▸ Your objective: In the records below, find the line that contains "So there we" and the line that contains "Hello and welcome", then retype exactly those two lines and every line between them.
======== Extracted information ========
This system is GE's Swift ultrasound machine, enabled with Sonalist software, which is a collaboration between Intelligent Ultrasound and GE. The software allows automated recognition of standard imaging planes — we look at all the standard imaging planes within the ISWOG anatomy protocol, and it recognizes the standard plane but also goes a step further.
========
======== Extracted information ========
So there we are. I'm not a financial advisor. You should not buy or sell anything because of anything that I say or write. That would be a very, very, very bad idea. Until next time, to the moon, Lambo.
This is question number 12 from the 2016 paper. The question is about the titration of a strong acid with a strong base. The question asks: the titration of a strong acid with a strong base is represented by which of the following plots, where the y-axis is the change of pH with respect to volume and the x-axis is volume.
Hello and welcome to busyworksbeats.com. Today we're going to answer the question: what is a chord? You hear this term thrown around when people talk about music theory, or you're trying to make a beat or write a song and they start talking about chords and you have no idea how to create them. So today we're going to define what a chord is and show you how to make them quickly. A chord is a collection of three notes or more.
========
▸ The answer:
So there we are. I'm not a financial advisor. You should not buy or sell anything because of anything that I say or write. That would be a very, very, very bad idea. Until next time, to the moon, Lambo.
This is question number 12 from the 2016 paper. The question is about the titration of a strong acid with a strong base. The question asks: the titration of a strong acid with a strong base is represented by which of the following plots, where the y-axis is the change of pH with respect to volume and the x-axis is volume.
Hello and welcome to busyworksbeats.com. Today we're going to answer the question: what is a chord? You hear this term thrown around when people talk about music theory, or you're trying to make a beat or write a song and they start talking about chords and you have no idea how to create them. So today we're going to define what a chord is and show you how to make them quickly. A chord is a collection of three notes or more.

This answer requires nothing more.